Our educational establishment is very good at making promises, but not very good at keeping them.
Every couple of years, a new initiative is launched to give us hope that things will get better. The initiative is launched amidst great fanfare, agreements are signed, money is exchanged, meetings are held, acronyms are assigned, and for a while the initiative takes on a life of its own.
And then … a new initiative takes its place and the old one, having failed, is then forgotten.
A lot of work is involved in shifting chairs on the deck of the Titanic, and it involves a high degree of inventiveness and creativity to make it look convincing: Non-graded primary classrooms, whole-language instruction, portfolios, the New Math, year-round calendars, numerous federal and state assessment initiatives, school-to-work programs, diversity programs, the list goes on.
They promise smoother sailing, but only end up slowing things down, like barnacles on a ship.
Educational technology is the newest new idea promising to bring about positive change in schools. The only difference is that it is bigger, more all-encompassing, and will probably last a lot longer than other fads, tied-in as it is with broader cultural trends.
We have seen how technology has improved so many other things—communication, travel, industrial productivity; it is hard to imagine how it could not also improve education. Every home now has at least one computer, usually more: Why would not a school benefit from having them too?
Online education, done well, certainly seems to have benefits, particularly for homeschoolers who have no access to a good school.
Computer rooms became a fixture of schools as far back as the 1990s, and many schools now encourage and even require that every child bring an iPad to school.
The argument for this would appear straightforward: With a computer ready at hand, a student can increase his or her educational productivity. A computer makes it easier to write, easier to research, and easier to communicate.
Unfortunately, it also makes it easier to become distracted—and easier to distract others.
According to Todd Oppenheimer, author of The Flickering Mind: The False Promise of Technology in the Classroom and How Learning Can Be Saved, computers in the classroom tend to enhance whatever tendency a child already possesses. If the child is already proficient and productive, then it can make him more proficient and productive.
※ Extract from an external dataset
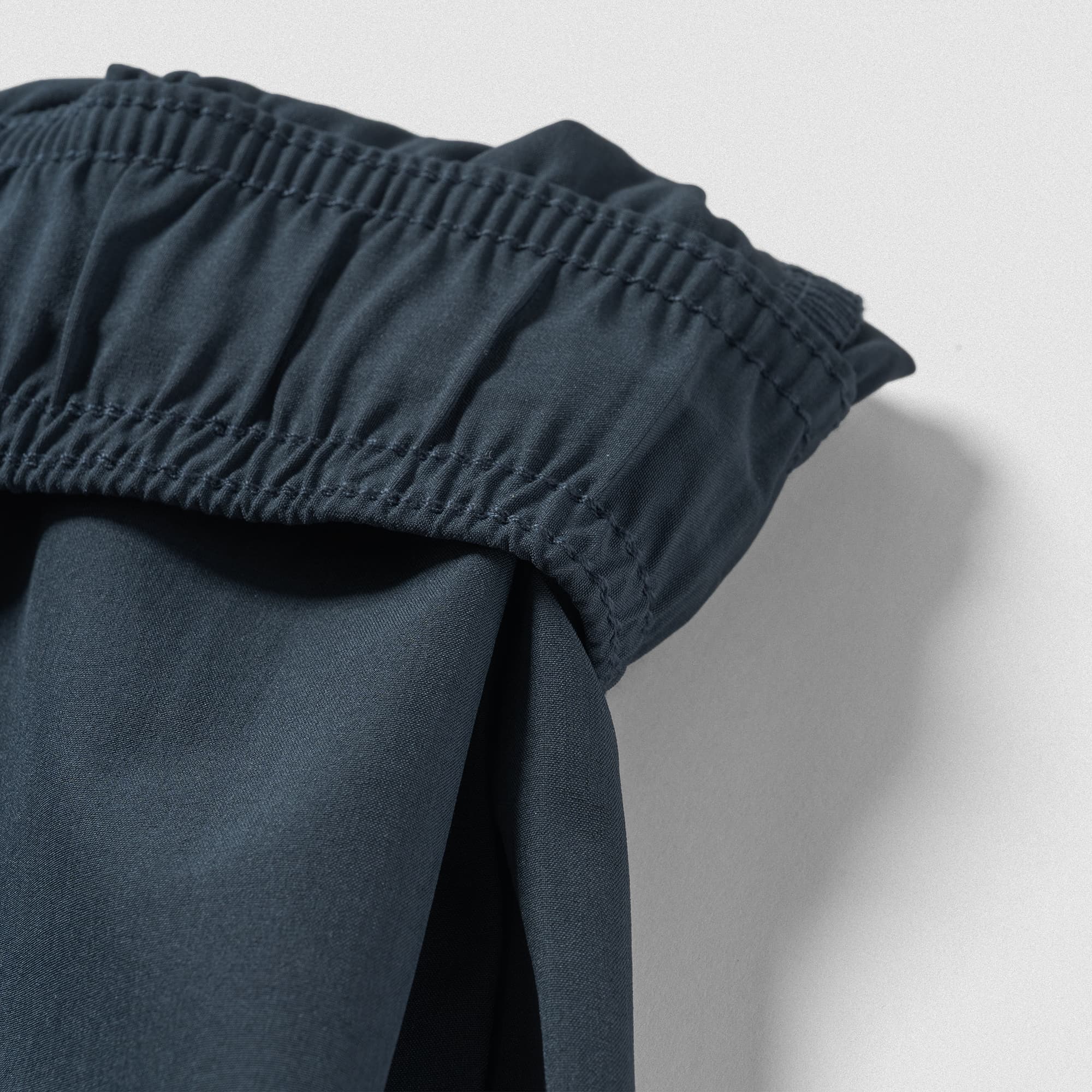 Elastic waistband detail on Men's Conquer 7 Inch Shorts - Navy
But if the child is inefficient and easily distracted, it will make him even more inefficient and distracted.
Unfortunately, as we all know, most students are not efficient and productive, but quite the opposite. In fact, it is interesting to note how little actual evidence there is that computers in the classroom make education any easier or more effective.
Education technology is like a lot of things: It can be helpful if used wisely, but can make things worse if it is implemented without considering all its consequences.